De la Nouvelle-Calédonie à l’Australie
douzième et dernière étape de cette transpacifique
du 9 au 15/06/2019
816 Mn dont 43 Mn au moteur – 6 jours et 18 heures de navigation
vitesse moyenne : 5 Nds
meilleur 24h (J3) : 152 Mn (6,3 Nds de moyenne)
pire 24h (J6) : 79 Mn mais seulement 60 Mn sur la route directe (2,5 Nds de moyenne sur axe)

Les horaires sont en heure locale formatés sur 24 heures

Douzième et dernière étape de cette transpacifique de la Nouvelle-Calédonie à l'Australie

Douzième et dernière étape de cette transpacifique de la Nouvelle-Calédonie à l’Australie

Après un an d’escale en Nouvelle-Calédonie, départ le 9 juin 2019 à 7:00 (UTC+11) de la baie de l’Orphelinat. Port d’entrée visé en Australie : Brisbane, capitale du Queensland, 790 milles au WSW.

Pour la première fois, nous nous lançons dans une navigation longue au large sans l’appui météo offert par une connexion Iridium.

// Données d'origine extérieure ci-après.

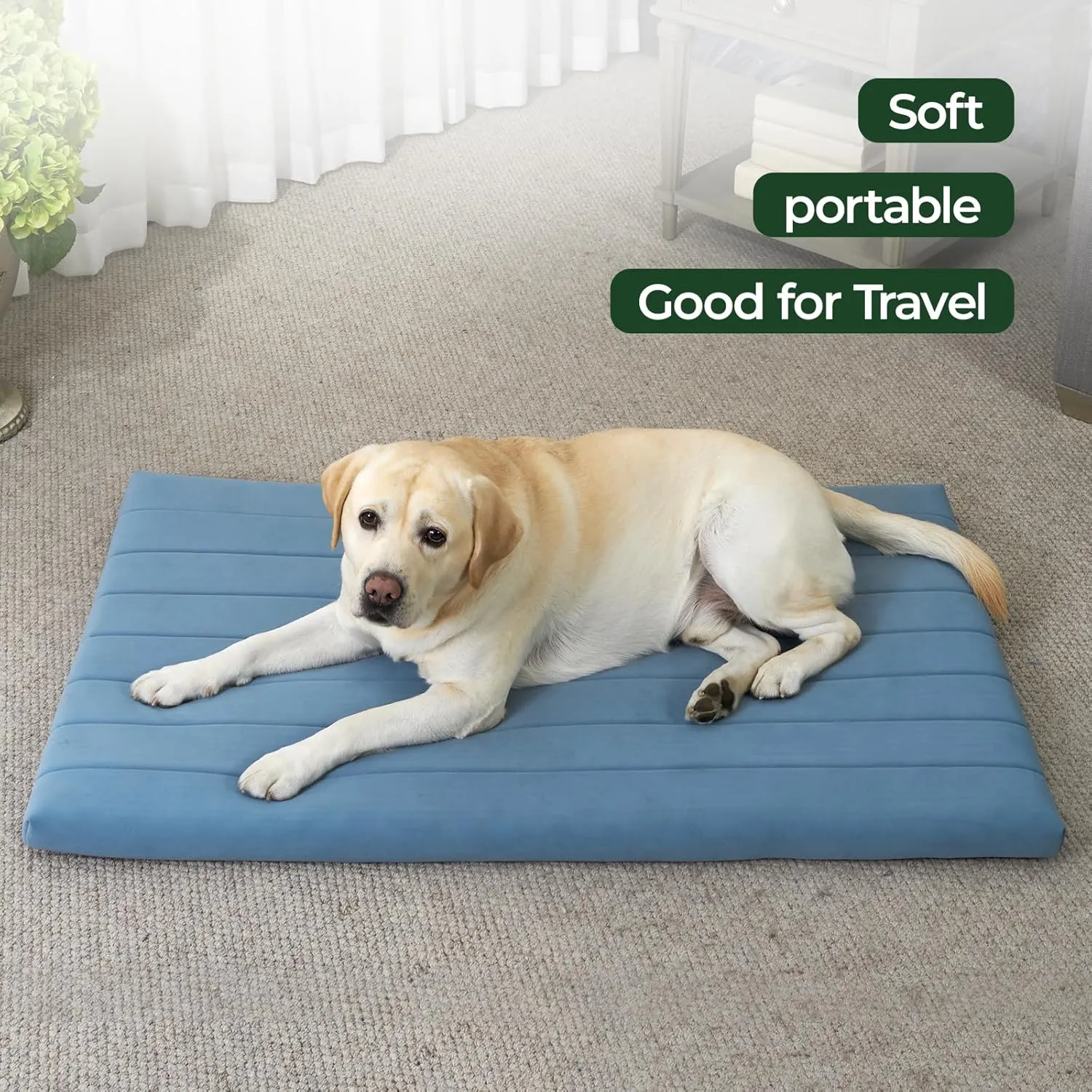 BALANCE Dog Crate Bed, Orthopedic Dog Bed Pad with Waterproof Liner, Washable Crate Foam Pet Mat for Large, Medium, Puppy Dogs Breeds, Powder Blue, 36"x23"x1.6"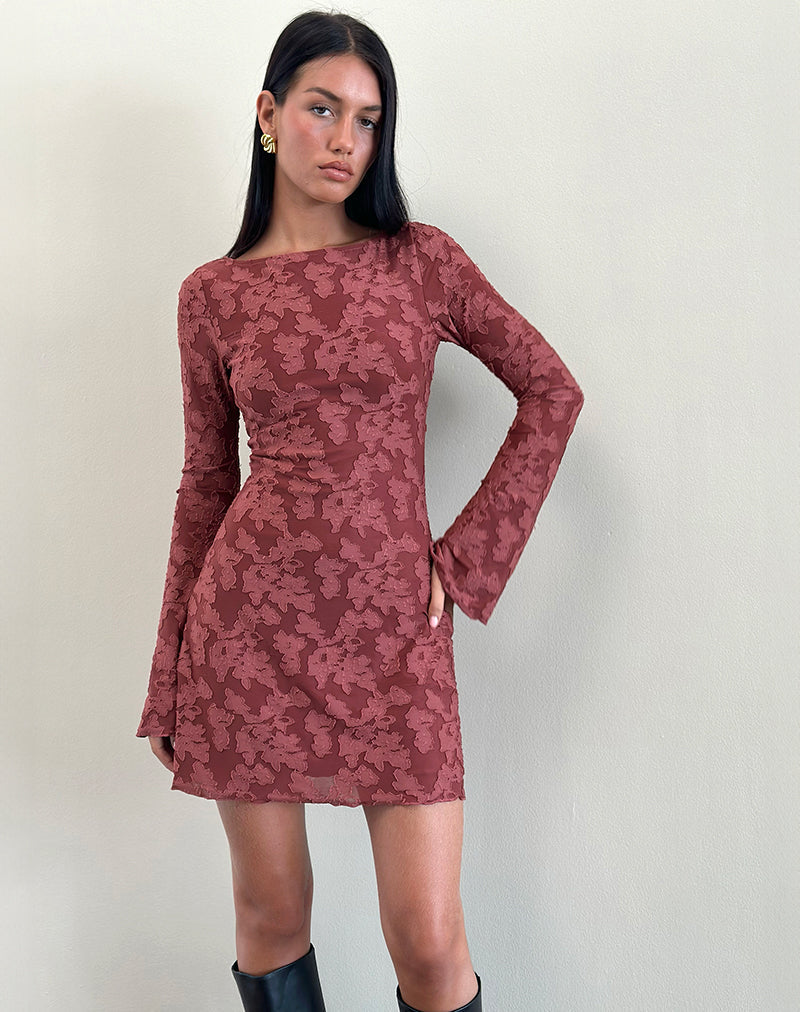 Afbeelding van Sevila Jurk in Maroon Burnout Mesh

Comparée à notre aller-retour en Nouvelle-Zélande, cette étape plus courte, dans les alizés, entre 22 et 27° de latitude Sud ne présente à priori pas de difficulté particulière. C’est donc le moment idéal pour s’émanciper des satellites au profit des ondes radio hautes fréquences.

Cartes météofax

Callés sur les ondes courtes (SW) en mode BLU (SSB), nous pouvons avec notre poste radio Sangean ATS-909X recevoir directement sur l’ordinateur des cartes météofax. Contrairement aux fichiers Grib par Iridium, les cartes météofax ne sortent pas brutes du modèle météo NOAA-GFS, elles ont été retraitées par des prévisionnistes. Du fait du coût (élevé) de la connexion Iridium, on cherche toujours à minimiser la taille d’un fichier Grib et donc la surface de la prévision, conséquence on ne connait pas le contexte dans lequel on navigue, on a comme des œillères. Les cartes météofax par contre donnent à l’échelle synoptique (planétaire) une vision d’ensemble sur une large portion d’océan de la situation météo, elles sont plus pédagogiques car elles permettent de suivre et d’affiner sa compréhension des phénomènes météo et cela gratuitement.

Un point délicat concerne l’installation et le paramétrage de l’ensemble du système : l’antenne (les filières du bateau), le récepteur radio, le PC et le logiciel (JVComm32). Concrètement, le récepteur radio capte un signal qui alterne entre deux tonalités, chacune représente un pixel, noir ou blanc ; un câble audio entre la sortie line out de la radio et l’entrée microphone de la carte son permet au PC de réceptionner le signal ; le logiciel le démodule et dessine en temps réel, ligne par ligne, l’image de la carte météo sur l’écran.

Quelques exemples des météofax reçus, les cartes 4-day forecast sont les plus intéressantes ainsi que les cartes Analysis qui donnent à l’avant des fronts les vents observés sur le terrain.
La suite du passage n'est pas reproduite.